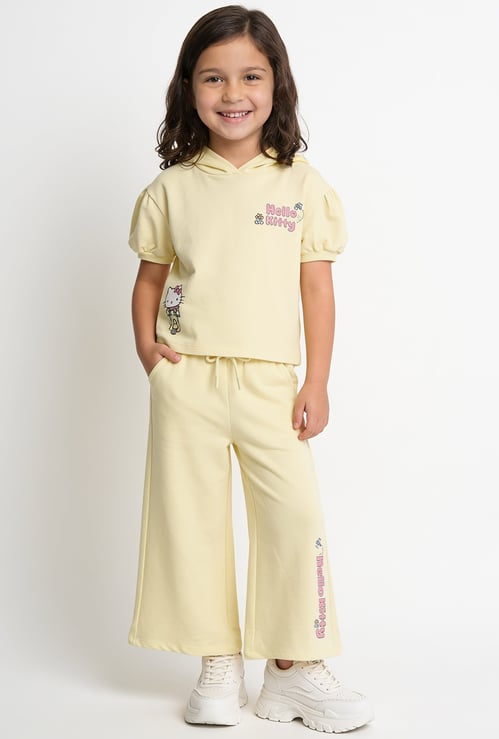 Girls Hello Kitty Printed Trousers Set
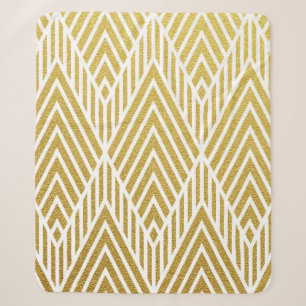 Geometrisches goldenes glänzendes nahtloses Muster Sherpadecke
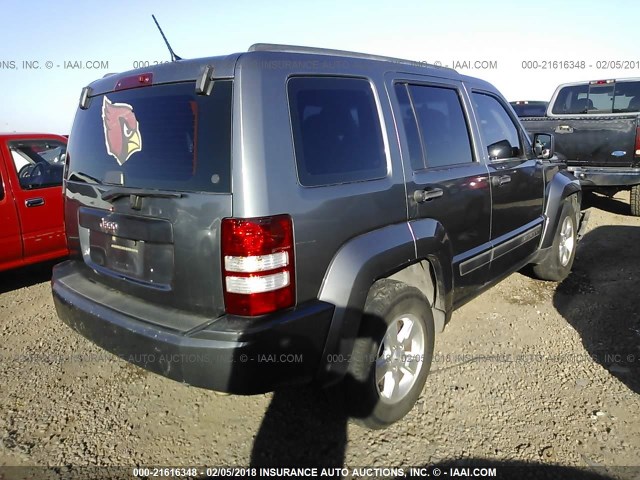 1C4PJLAKXCW114800 - 2012 JEEP LIBERTY SPORT BROWN photo 4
━━━
→ WORK INSTRUCTIONS
Reproduce the entire listing above precisely, but keep the images out.

→ SOLVED EXERCISE
 Girls Hello Kitty Printed Trousers Set
 Geometrisches goldenes glänzendes nahtloses Muster Sherpadecke
 1C4PJLAKXCW114800 - 2012 JEEP LIBERTY SPORT BROWN photo 4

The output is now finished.